The effect of Staphylococcus aureus rpoC mutations that confer phage resistance on the transcriptional program of phage K
Rohit Kongari 1*, Melissa Ray 1, Susan Lehman 1, Roger Plaut 1, Deborah Hinton 2, Scott Stibitz 1
- Center for Biologics Evaluation and Research, United States Food and Drug Administration, Silver Spring, MD, USA.

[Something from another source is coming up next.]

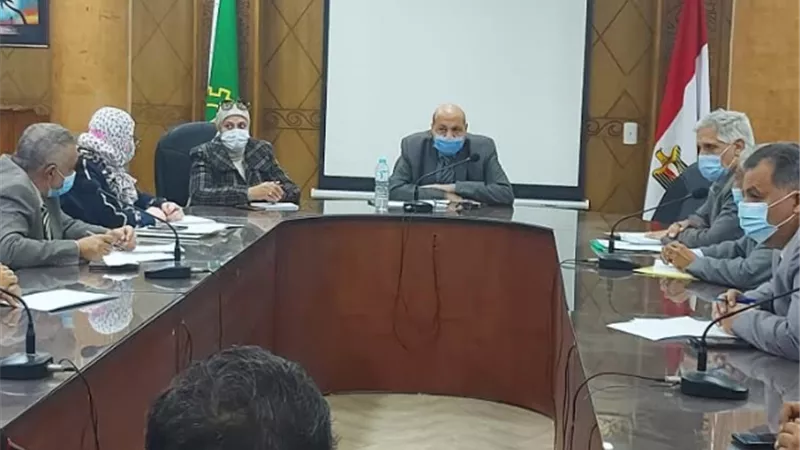وكيل تعليم القليوبية: رصد المعوقات والسلبيات وحلها.. ولا تهاون مع المقصرين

- Gene Expression and Regulation Section, Laboratory of Biochemistry and Genetics, National Institute of Diabetes and Digestive and Kidney Diseases, National Institutes of Health, Bethesda, MD, USA
Rohit Kongari rohit.btnitw55@gmail.com
To better understand host-phage interactions and the genetic bases of phage resistance in a model system relevant to potential phage therapy, we isolated several spontaneous mutants of the USA300 S. aureus clinical isolate NRS384 that were resistant to phage K. Six of these had a single missense mutation in the host rpoC gene, which encodes the RNA polymerase beta prime subunit. To examine the hypothesis that the mutations in the host RNA polymerase affect the transcription of phage genes, we performed RNA-seq analysis on total RNA samples collected from NRS384 wild-type (WT) and rpoCG26D mutant cultures infected with phage K, at different time points post-infection. Infection of the WT host led to a steady increase of phage transcription relative to the host. Our analysis allowed us to define 55 transcriptional units and to define different early, middle, and late phage genes based on their temporal expression patterns. An examination of predicted promoter sequences revealed that those associated with late gene expression lacked a conserved -35 region, suggesting the involvement of a phage-encoded factor in the transcription of those genes. Infection of the rpoCG26D mutant host led to a transcriptional pattern that was similar to the WT at early time points. However, beginning at 20 minutes post-infection, transcription of late genes, such as phage structural genes and host lysis genes, was severely reduced. Our data indicate that the rpoCG26D mutant is deficient in proceeding to late phage gene expression, thus resulting in a failed infection cycle for phage K. In addition to providing a detailed view of the global transcriptional landscape of phage K throughout the infection cycle, these studies can begin to inform our studies into the mechanistic bases of phage K’s control of its transcriptional program.